Reported: 2009-10-19 13:52 PDT by Jonathan Griffin (:jgriffin)
Modified: 2013-09-18 08:02 PDT (History)
4 users (show)
See Also:
Crash Signature:
(edit)
QA Whiteboard:
Iteration: ---
Points: ---


Attachments
automation.py.in patch (9.70 KB, patch)
2009-11-06 15:57 PST, Jonathan Griffin (:jgriffin)
no flags Details | Diff | Review
patch v2 (11.05 KB, patch)
2009-11-10 16:15 PST, Jonathan Griffin (:jgriffin)
ted: review-
Details | Diff | Review
patch, v3 (9.34 KB, patch)
2009-11-20 14:11 PST, Benjamin Smedberg [:bsmedberg]
ted: review+
Details | Diff | Review

Description Jonathan Griffin (:jgriffin) 2009-10-19 13:52:25 PDT
For mochitest:

If a browser hangs, the test frameworks currently just kill it off. Now that
browsers are going to launch subprocesses, we need to make sure:

* if the process exits normally, there aren't any subprocesses left around
* if the process is killed off, there aren't orphan processes which could cause
weird problems on future test runs
Comment 1 Ted Mielczarek [:ted.mielczarek] 2009-10-19 13:55:24 PDT
Might need to pull in bsmedberg's killablesubprocess to do the right thing on Win32.
Comment 2 Benjamin Smedberg [:bsmedberg] 2009-10-19 14:11:32 PDT
Another possibility is to have the main process print the PID of each subprocess it launches, and then troll the log for those and explicitly kill them if necessary.

Also, right now the log from the parent and child process are going to be intermingled on stdout/stderr, which has the potential to mess up dump() statements. Should we consider redirecting the child process logs to different log files?
Comment 3 Jonathan Griffin (:jgriffin) 2009-10-19 14:33:32 PDT
According to http://benjamin.smedbergs.us/blog/2006-12-11/killableprocesspy/, killablesubprocess only works on Windows on win2k+...does this exclude WinXP?  If so we'd need to update it if we use it.  Also, I'm guessing it might not work as-is on mobile platforms.
Comment 4 Benjamin Smedberg [:bsmedberg] 2009-10-19 14:35:30 PDT
Ignore WINCE for now since we don't have a multi-process impl on there.

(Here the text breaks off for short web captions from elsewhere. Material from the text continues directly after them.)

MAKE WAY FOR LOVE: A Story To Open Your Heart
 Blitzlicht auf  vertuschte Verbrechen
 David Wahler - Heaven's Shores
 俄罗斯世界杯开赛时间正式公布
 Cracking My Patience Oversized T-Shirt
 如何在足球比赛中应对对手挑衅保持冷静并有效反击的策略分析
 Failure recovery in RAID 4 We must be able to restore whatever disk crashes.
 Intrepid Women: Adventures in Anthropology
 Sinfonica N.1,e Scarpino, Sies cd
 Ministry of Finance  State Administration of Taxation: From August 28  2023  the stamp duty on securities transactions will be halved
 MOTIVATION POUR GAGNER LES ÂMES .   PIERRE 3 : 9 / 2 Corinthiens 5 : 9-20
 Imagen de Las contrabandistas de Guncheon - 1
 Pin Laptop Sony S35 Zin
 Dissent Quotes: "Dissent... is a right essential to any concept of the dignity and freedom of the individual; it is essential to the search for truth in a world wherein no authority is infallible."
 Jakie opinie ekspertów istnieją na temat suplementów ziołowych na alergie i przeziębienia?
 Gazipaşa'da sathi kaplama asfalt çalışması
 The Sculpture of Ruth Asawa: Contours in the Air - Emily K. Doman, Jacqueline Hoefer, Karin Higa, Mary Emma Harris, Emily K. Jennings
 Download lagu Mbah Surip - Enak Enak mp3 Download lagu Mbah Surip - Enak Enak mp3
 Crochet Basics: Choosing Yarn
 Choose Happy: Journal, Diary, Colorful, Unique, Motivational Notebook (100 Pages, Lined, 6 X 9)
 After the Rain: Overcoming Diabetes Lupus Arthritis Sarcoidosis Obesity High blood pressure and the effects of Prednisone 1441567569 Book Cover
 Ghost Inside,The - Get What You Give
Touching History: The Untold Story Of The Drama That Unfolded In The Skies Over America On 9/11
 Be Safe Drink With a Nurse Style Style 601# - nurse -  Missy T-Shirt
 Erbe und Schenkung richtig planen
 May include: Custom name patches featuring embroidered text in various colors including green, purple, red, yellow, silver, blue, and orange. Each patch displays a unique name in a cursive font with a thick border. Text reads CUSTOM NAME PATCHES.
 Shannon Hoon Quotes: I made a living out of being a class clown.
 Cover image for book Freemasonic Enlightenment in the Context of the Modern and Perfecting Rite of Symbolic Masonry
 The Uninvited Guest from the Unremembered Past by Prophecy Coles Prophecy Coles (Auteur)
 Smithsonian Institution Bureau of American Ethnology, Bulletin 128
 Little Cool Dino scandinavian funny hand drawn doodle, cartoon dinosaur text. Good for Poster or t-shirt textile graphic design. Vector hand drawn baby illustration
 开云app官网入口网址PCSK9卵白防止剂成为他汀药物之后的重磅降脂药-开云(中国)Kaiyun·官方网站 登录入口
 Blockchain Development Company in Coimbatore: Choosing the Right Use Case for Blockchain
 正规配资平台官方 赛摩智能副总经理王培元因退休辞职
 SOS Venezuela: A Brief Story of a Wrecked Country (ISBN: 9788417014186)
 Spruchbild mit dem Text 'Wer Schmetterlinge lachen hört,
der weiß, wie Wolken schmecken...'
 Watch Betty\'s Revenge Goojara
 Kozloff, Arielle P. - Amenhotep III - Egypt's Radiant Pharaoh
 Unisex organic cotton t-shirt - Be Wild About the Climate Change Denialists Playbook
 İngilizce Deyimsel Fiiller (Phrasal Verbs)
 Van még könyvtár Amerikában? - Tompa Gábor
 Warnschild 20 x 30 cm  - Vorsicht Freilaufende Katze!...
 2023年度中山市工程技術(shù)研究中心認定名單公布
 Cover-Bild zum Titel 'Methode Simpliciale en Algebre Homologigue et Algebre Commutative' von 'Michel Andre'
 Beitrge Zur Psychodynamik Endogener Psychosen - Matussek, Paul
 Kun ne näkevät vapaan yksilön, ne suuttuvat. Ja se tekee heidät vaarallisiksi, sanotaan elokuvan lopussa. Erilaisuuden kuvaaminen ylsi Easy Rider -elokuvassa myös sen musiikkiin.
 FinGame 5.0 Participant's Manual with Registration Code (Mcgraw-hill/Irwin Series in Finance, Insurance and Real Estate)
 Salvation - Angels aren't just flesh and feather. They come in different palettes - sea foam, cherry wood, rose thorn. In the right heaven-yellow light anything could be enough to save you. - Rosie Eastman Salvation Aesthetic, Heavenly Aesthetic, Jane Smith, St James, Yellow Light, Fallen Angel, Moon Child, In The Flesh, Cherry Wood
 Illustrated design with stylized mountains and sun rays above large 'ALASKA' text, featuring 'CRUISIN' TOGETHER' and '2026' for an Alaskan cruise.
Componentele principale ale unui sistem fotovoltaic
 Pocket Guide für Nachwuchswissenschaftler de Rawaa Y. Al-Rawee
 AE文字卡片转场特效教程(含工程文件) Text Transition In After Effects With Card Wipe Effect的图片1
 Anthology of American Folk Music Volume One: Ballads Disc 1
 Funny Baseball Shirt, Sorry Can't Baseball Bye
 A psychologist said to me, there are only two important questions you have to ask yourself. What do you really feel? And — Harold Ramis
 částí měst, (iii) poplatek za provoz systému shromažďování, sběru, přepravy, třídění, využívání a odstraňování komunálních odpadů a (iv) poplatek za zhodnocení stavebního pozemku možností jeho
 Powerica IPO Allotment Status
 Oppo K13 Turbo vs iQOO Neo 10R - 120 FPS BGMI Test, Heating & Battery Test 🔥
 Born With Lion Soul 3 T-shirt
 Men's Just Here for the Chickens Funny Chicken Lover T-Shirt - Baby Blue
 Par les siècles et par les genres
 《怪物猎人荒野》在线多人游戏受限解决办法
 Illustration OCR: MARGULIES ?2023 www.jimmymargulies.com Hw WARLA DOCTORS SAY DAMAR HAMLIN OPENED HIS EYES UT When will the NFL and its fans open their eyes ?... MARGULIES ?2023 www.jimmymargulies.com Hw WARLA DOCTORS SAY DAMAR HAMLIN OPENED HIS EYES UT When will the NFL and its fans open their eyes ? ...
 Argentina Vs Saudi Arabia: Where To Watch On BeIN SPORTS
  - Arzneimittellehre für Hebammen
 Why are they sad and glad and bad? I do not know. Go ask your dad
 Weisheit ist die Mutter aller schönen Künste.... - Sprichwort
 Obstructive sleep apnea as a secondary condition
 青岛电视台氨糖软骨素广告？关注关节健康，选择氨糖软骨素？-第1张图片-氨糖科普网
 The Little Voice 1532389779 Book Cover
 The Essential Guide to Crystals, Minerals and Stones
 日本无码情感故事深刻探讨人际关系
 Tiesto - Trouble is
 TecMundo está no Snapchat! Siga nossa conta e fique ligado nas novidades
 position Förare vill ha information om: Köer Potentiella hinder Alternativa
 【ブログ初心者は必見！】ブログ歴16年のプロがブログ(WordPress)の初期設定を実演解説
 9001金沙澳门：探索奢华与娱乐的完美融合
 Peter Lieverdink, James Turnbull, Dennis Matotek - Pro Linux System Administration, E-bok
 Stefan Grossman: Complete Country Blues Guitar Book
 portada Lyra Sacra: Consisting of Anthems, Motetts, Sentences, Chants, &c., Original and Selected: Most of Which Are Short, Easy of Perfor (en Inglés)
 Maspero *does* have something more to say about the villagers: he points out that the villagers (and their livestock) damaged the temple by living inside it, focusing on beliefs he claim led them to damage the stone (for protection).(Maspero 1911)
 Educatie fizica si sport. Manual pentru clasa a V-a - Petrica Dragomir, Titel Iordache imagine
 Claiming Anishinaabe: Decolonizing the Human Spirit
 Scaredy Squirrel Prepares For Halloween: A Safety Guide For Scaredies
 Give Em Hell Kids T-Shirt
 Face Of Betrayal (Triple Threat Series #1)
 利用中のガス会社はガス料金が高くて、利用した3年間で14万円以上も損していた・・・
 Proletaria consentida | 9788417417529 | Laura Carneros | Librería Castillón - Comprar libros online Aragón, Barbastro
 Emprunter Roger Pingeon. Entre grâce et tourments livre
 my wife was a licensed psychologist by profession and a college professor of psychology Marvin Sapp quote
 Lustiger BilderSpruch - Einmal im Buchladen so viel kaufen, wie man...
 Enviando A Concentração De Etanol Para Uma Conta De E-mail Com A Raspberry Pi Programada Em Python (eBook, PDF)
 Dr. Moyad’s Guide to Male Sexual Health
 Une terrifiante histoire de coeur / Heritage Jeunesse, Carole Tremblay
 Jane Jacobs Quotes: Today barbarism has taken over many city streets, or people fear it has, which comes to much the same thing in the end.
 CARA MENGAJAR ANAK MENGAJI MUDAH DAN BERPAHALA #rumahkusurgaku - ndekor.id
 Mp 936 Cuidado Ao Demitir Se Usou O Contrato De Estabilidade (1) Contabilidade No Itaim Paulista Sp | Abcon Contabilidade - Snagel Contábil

WinXP came out after Win2k, killableprocess works on both (any NT-style OS, really).
Comment 5 Jonathan Griffin (:jgriffin) 2009-10-19 14:49:04 PDT
In that case, I'm all for killablesubprocess...that seems like a neater solution than parsing large log files looking for PIDs.
Comment 6 Jonathan Griffin (:jgriffin) 2009-10-20 14:01:38 PDT
When testing this, it would be helpful to be able to artificially induce an orphan child process...is there any easy way to do this?
Comment 7 Benjamin Smedberg [:bsmedberg] 2009-10-20 14:25:13 PDT
Well, we could certainly do it with nsIProcess: launch `cat`, perhaps?
Comment 8 Ted Mielczarek [:ted.mielczarek] 2009-10-20 14:45:14 PDT
The nsIProcess unit tests have a couple of little programs that you could probably use or modify:
http://mxr.mozilla.org/mozilla-central/source/xpcom/tests/TestArguments.cpp
http://mxr.mozilla.org/mozilla-central/source/xpcom/tests/TestBlockingProcess.cpp
Comment 9 Jonathan Griffin (:jgriffin) 2009-10-21 16:54:25 PDT
I've done quite a bit of testing with this on Windows, and it works well; still need to do testing on Linux.  Do OOP plugins work on Mac these days?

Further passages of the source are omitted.